人間はひと皮剥けばみんな変態だというところがあります。「正常」だの「異常」なんていう考え方こそが幻想に過ぎないのです。
この漫画、「女性をモノ扱いしているから」といって反ポルノを標榜する一部のフェミニストに見せてやったらどういうふうな反応をするだろうと思うのですが、それはさておき。
ひとには「受け身になりたい」、「対象化されたい」という欲望もまたあるものだということです。これは男女を問わずそうなのです。
しかし、世の中にはジェンダーによる思い込みがあるから、「男は受け身であってはならない。攻撃的でなければならない」というふうに思い込む。ところが、ディビさんの漫画はそういう思い込みを破壊してしまう。そこがなんともいやらしい。淫ら。いいですね。
ぼくは思うのですが、ひとに「正しい欲望」だの「間違えた欲望」なんてものは存在しません。どのような邪悪な、あるいは狂った欲望であれ、それ自体に善も悪もないのです。
だから、「正しい欲望」を抱くようにせよ、というのは土台から無理な話なのだと思う。ひとが理性より感情の生きものである以上、どうしたってそんなことはできないのです。
ただ、「豊かな欲望」というものは存在するでしょう。それはつまり、いかに変態を究めているかということです。変態であればあるほど、倒錯していればいるほど、この世の常識的なことわりから外れていればいるほど、そこに人間らしい面白さがあるとぼくは思う。
そう、セクシュアルな欲望もまた人間の人間らしさの一面なのであり、決して忌避するべきものではないのです。
もちろん、より「一般的な」性があたりまえで退屈なものであるというわけではない。そうではなく、それもまたひとつの変態なのだということを自覚するべきだということです。
「正常な欲望」などこの世にはなく、また、「正常なセックス」なんてものもない。正常だと思い込んでいるのは、それは社会によってそう思い込まされているに過ぎないのです。
しかし、「男は男らしく、女は女らしく」なんて、実にくだらないことです。そういった「奴隷の鎖」から自分自身を解放するために、ディビさんが描くような変態漫画は大変役に立つでしょう。
いやまあ、解放されたあとにどんな世界がひろがっているかはわからないところですが――。

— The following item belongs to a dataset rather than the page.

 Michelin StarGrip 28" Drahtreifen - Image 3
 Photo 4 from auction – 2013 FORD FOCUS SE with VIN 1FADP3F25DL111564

倒錯と頽廃と変態。やっぱりそうでなくっちゃね!とぼくは思います。いいよね、変態。
『女の子が抱いちゃダメですか?』と『あなたが甘くねだるまで』。
ちなみに、ねじがなめた『女の子が抱いちゃダメですか?』というマンガもあります。
まあ、タイトルにある通り、清楚で可憐な一輪の白百合のような美女が、なぜかつき合っている彼氏の萌え仕草に違和感とむずがゆさを感じてしまうというところから始まり、彼女がじつは自分は「攻めたい」タイプだったことを自覚し、彼氏との性的関係を変えていくという物語です。
このあらすじだとただのエロ漫画のようですが、じっさいに読むとあくまでひとつのエッチな恋愛作品であり、何というか相当に「てえてえ」作品となっております。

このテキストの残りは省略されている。